Ich wusste, dass er auch in Deutschland war und Austauschprogramme für die Kinder aus dem Kriegsgebiet mitorganisiert. Er meinte, dass es ihn ablenkt, weil er dabei Verantwortung tragen muss. In ruhigen Tagen kann er nämlich nicht schlafen, weil ihn all diese Ereignisse stark beschäftigen und verfolgen. Auf psychologische Hilfe angesprochen, meinte er, wer das denn dort vor Ort anbieten könne und was es bringe.

Es war zwar unser erstes Gespräch, doch für mich war es nichts wirklich Neues. Und trotzdem ist jedes einzelne Schicksal, jede individuelle Erfahrung dann wieder etwas anderes und eine Facette dieses unbegreiflichen Wahnsinns. Der Krieg geht ins vierte Jahr und ich lernte in dieser Zeit viele Menschen kennen, die vor Ort waren. Selbst habe ich nur die Folgen gesehen und viele Male zugehört, was die Leute aus dem Gebiet erzählten. Was Beschuss heißt, kenne ich auch, obwohl ich das nicht mit dem vergleichen will, was mir andere berichteten.

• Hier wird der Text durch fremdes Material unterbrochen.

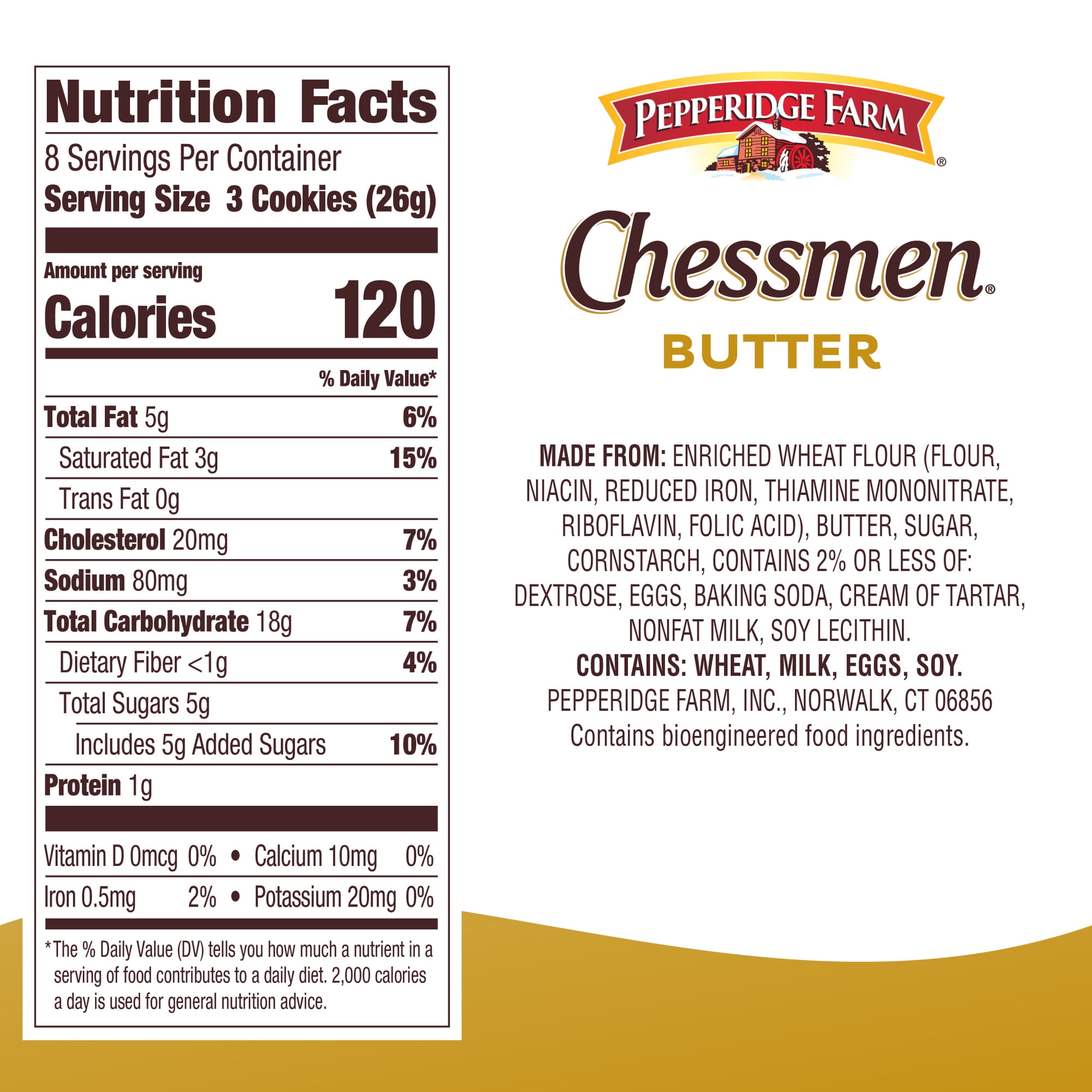 Pepperidge Farm Chessmen Butter Cookies, 7.25 oz Bag (24 Cookies)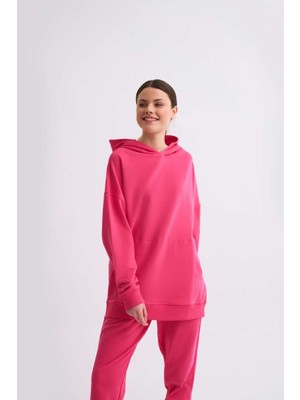 RECOLOR Organik Kapüşonlu Cepli Uzun Kollu Kadın Sweatshirt Pembe Pembe Xs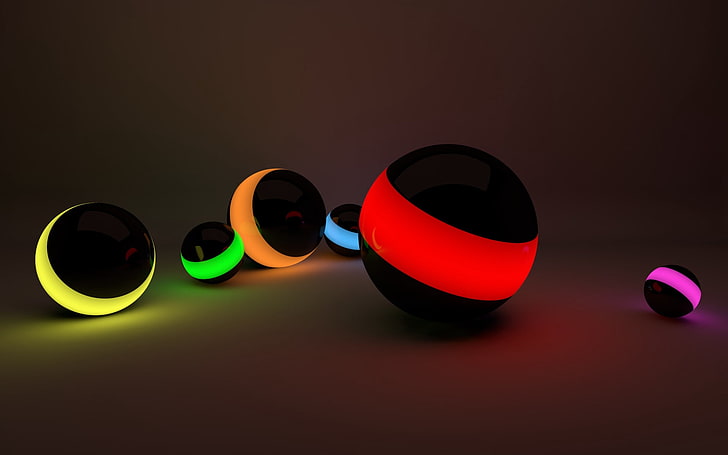 مجموعة كرات متنوعة الألوان ، كرات ، خطوط ، أضواء نيون، خلفية HD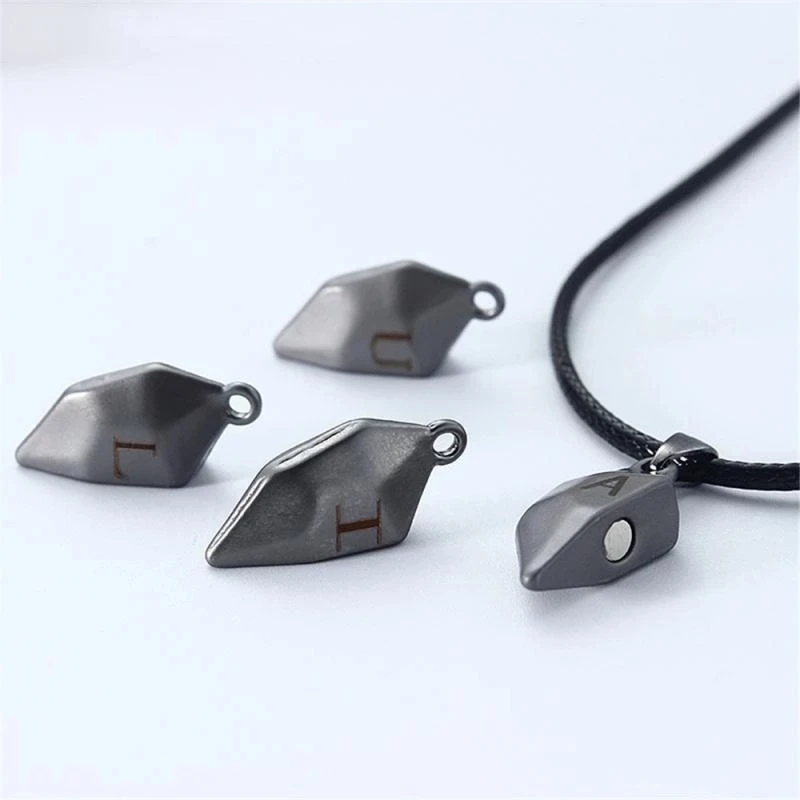 Ожерелье для влюбленных с надписью 1 пара магнитное притяжение сердце камень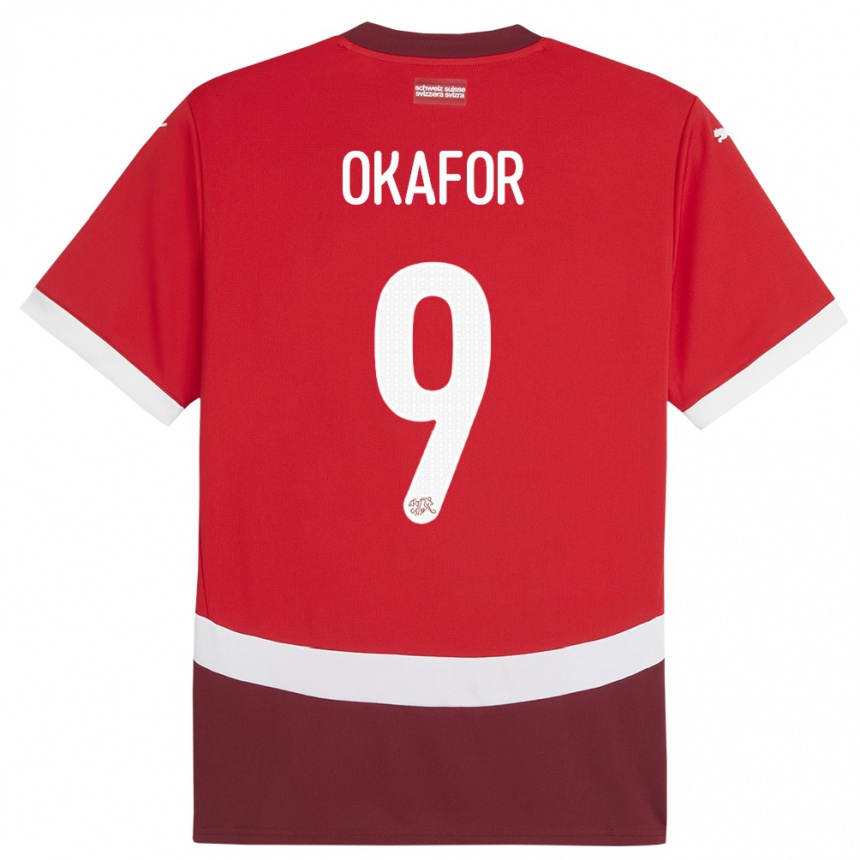 Niño Fútbol Camiseta Suiza Noah Okafor #9 Rojo 1ª Equipación 24-26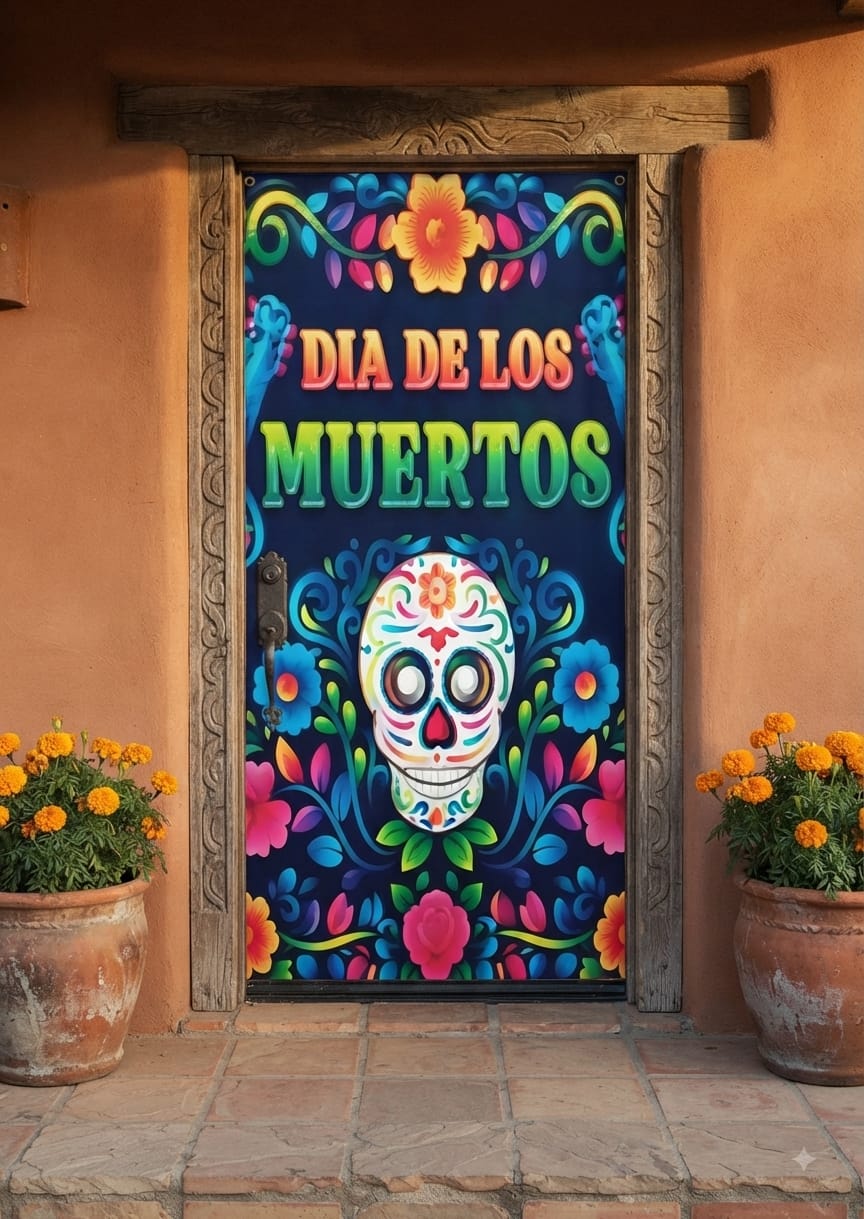 FUNDA CUBRE PUERTA HALLOWEEN-DIA DE MUERTOS MOD.12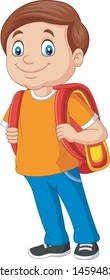 Cartoon school boy with a backpack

All diese Ausnahmemenschen, wie ich sie nennen will, verdienen einen riesigen Respekt, denn bei ihnen finde ich eine Hilfsbereitschaft und Menschlichkeit, wie ich sie anderswo stark vermisse. Und immer, wenn ich mit ihnen zu tun habe, will ich ihnen ebenfalls etwas Gutes tun, will helfen, sie unterstützen und das in meinem Rahmen mögliche tun. In diesem Fall, entweder Journalisten finden, die sich für solche Geschichten interessieren, oder vielleicht ein Stipendium, um die Geschichten dieser Ausnahmemenschen zu sammeln, zu übersetzen und in einem Buch zu veröffentlichen. Letzteres scheint mir sogar eine würdigere Alternative zu sein, als ein kurzes Aufblitzen eines Artikels in den Medien.